Uma reportagem sobre a falta de luz no bairro da Lagoinha, em Nova Iguaçu, encerra o telejornal. Entre as entrevistas, uma moradora relata a dificuldade que enfrenta com a burocracia do poder público ao tentar resolver a situação: “ligo para a prefeitura, a prefeitura manda ligar pra secretaria de obras, ligo pra secretaria de obras, me mandam ligar para a prefeitura”.

O repórter Vandrei Pereira, ao vivo de Nova Iguaçu, entrevista um representante da prefeitura, que diz estar trabalhando muito e ter projetos em andamento. O apresentador Márcio Gomes encerra: “Vamos continuar acompanhando os problemas lá do pessoal da Lagoinha”.

O telejornal de inauguração da base de jornalismo da Baixada Fluminense foi marcado pela cobertura de problemas crônicos da região e entrevistas com autoridades que tentavam dar respostas ao telejornal e seus telespectadores. Um clima que deixava claro que havia muito a ser feito na região, e que o telejornal, a partir daquele momento, concentraria uma atenção maior do que a dada anteriormente à Baixada Fluminense. A missão da nova base de jornalismo era denunciar os problemas da população e cobrar as soluções das autoridades.

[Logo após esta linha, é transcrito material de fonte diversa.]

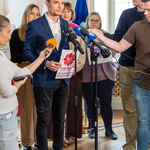 Przedstawiciel organizacji „Caritas” stoi przed mikrofonami.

Um ano depois, uma nova edição especial do RJTV comemorava o primeiro aniversário da base de jornalismo da Baixada. No dia 25 de Abril de 2006, o telejornal foi novamente ancorado de Duque de Caxias para se fazer um balanço da cobertura na região.

O telejornal especial comemora o primeiro aniversário do escritório na Baixada Fluminense. No dia, o apresentador Márcio Gomes, sai novamente de dentro do estúdio e ancora o RJTV primeira edição de uma praça no centro do município de Duque de Caxias. As primeiras palavras do telejornal são ouvidas em off, tendo como fundo imagens panorâmicas da Baixada Fluminense:

Uma conquista da baixada, e também do RJTV. Há um ano, era criada a nossa base de jornalismo no Baixada Fluminense, um canal de comunicação permanente com mais de 3 milhões e meio de moradores.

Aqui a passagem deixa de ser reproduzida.